--- RECORDS SUPPLIED Enclosed Below ---
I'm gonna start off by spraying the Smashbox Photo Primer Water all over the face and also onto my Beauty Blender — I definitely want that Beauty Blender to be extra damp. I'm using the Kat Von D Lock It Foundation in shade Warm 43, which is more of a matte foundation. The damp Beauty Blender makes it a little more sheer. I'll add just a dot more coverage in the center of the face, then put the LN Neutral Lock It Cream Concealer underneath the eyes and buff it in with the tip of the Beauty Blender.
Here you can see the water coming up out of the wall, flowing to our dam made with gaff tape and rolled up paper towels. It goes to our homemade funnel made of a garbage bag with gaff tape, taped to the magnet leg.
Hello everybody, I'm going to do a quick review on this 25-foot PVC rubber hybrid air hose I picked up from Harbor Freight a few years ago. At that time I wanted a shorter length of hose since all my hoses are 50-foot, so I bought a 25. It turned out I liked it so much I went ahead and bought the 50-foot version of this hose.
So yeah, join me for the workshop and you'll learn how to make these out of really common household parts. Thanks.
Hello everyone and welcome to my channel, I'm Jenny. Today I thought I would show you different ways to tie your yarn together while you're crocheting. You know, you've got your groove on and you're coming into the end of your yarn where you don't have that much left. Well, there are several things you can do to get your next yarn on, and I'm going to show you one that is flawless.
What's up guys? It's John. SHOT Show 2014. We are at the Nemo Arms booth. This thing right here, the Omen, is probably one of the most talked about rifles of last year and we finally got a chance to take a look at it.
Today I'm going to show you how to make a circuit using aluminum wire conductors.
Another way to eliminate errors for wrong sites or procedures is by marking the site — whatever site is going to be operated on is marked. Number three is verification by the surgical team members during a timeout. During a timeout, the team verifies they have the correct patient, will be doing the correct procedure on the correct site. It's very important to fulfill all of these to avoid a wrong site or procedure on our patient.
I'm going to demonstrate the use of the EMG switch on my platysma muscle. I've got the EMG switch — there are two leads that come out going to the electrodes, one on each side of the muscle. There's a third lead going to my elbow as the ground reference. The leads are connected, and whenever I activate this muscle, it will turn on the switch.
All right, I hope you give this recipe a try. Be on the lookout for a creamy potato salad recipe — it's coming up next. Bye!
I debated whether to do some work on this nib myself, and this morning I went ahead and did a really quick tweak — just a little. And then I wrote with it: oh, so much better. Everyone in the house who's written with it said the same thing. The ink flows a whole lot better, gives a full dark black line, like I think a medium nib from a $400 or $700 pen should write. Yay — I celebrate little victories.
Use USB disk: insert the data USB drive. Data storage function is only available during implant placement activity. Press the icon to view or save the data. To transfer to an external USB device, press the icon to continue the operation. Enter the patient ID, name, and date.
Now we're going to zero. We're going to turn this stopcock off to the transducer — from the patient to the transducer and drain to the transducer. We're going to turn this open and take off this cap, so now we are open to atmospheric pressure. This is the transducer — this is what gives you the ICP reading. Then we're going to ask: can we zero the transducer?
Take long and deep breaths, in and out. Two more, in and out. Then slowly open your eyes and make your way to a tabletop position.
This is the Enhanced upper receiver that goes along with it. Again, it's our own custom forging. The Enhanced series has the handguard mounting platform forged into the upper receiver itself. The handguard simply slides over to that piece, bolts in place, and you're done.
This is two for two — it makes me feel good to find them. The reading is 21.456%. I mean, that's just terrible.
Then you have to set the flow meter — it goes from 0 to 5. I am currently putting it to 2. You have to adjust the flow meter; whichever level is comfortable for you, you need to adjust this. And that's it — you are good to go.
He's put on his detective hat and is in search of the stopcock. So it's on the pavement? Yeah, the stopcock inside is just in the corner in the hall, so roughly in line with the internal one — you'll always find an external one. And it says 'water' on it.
--- End of Enclosed RECORDS SUPPLIED ---
- **YOUR ASSIGNMENT**: The full set of entries, copied exactly, is the expected answer.

- **RESULT**:
I'm gonna start off by spraying the Smashbox Photo Primer Water all over the face and also onto my Beauty Blender — I definitely want that Beauty Blender to be extra damp. I'm using the Kat Von D Lock It Foundation in shade Warm 43, which is more of a matte foundation. The damp Beauty Blender makes it a little more sheer. I'll add just a dot more coverage in the center of the face, then put the LN Neutral Lock It Cream Concealer underneath the eyes and buff it in with the tip of the Beauty Blender.
Here you can see the water coming up out of the wall, flowing to our dam made with gaff tape and rolled up paper towels. It goes to our homemade funnel made of a garbage bag with gaff tape, taped to the magnet leg.
Hello everybody, I'm going to do a quick review on this 25-foot PVC rubber hybrid air hose I picked up from Harbor Freight a few years ago. At that time I wanted a shorter length of hose since all my hoses are 50-foot, so I bought a 25. It turned out I liked it so much I went ahead and bought the 50-foot version of this hose.
So yeah, join me for the workshop and you'll learn how to make these out of really common household parts. Thanks.
Hello everyone and welcome to my channel, I'm Jenny. Today I thought I would show you different ways to tie your yarn together while you're crocheting. You know, you've got your groove on and you're coming into the end of your yarn where you don't have that much left. Well, there are several things you can do to get your next yarn on, and I'm going to show you one that is flawless.
What's up guys? It's John. SHOT Show 2014. We are at the Nemo Arms booth. This thing right here, the Omen, is probably one of the most talked about rifles of last year and we finally got a chance to take a look at it.
Today I'm going to show you how to make a circuit using aluminum wire conductors.
Another way to eliminate errors for wrong sites or procedures is by marking the site — whatever site is going to be operated on is marked. Number three is verification by the surgical team members during a timeout. During a timeout, the team verifies they have the correct patient, will be doing the correct procedure on the correct site. It's very important to fulfill all of these to avoid a wrong site or procedure on our patient.
I'm going to demonstrate the use of the EMG switch on my platysma muscle. I've got the EMG switch — there are two leads that come out going to the electrodes, one on each side of the muscle. There's a third lead going to my elbow as the ground reference. The leads are connected, and whenever I activate this muscle, it will turn on the switch.
All right, I hope you give this recipe a try. Be on the lookout for a creamy potato salad recipe — it's coming up next. Bye!
I debated whether to do some work on this nib myself, and this morning I went ahead and did a really quick tweak — just a little. And then I wrote with it: oh, so much better. Everyone in the house who's written with it said the same thing. The ink flows a whole lot better, gives a full dark black line, like I think a medium nib from a $400 or $700 pen should write. Yay — I celebrate little victories.
Use USB disk: insert the data USB drive. Data storage function is only available during implant placement activity. Press the icon to view or save the data. To transfer to an external USB device, press the icon to continue the operation. Enter the patient ID, name, and date.
Now we're going to zero. We're going to turn this stopcock off to the transducer — from the patient to the transducer and drain to the transducer. We're going to turn this open and take off this cap, so now we are open to atmospheric pressure. This is the transducer — this is what gives you the ICP reading. Then we're going to ask: can we zero the transducer?
Take long and deep breaths, in and out. Two more, in and out. Then slowly open your eyes and make your way to a tabletop position.
This is the Enhanced upper receiver that goes along with it. Again, it's our own custom forging. The Enhanced series has the handguard mounting platform forged into the upper receiver itself. The handguard simply slides over to that piece, bolts in place, and you're done.
This is two for two — it makes me feel good to find them. The reading is 21.456%. I mean, that's just terrible.
Then you have to set the flow meter — it goes from 0 to 5. I am currently putting it to 2. You have to adjust the flow meter; whichever level is comfortable for you, you need to adjust this. And that's it — you are good to go.
He's put on his detective hat and is in search of the stopcock. So it's on the pavement? Yeah, the stopcock inside is just in the corner in the hall, so roughly in line with the internal one — you'll always find an external one. And it says 'water' on it.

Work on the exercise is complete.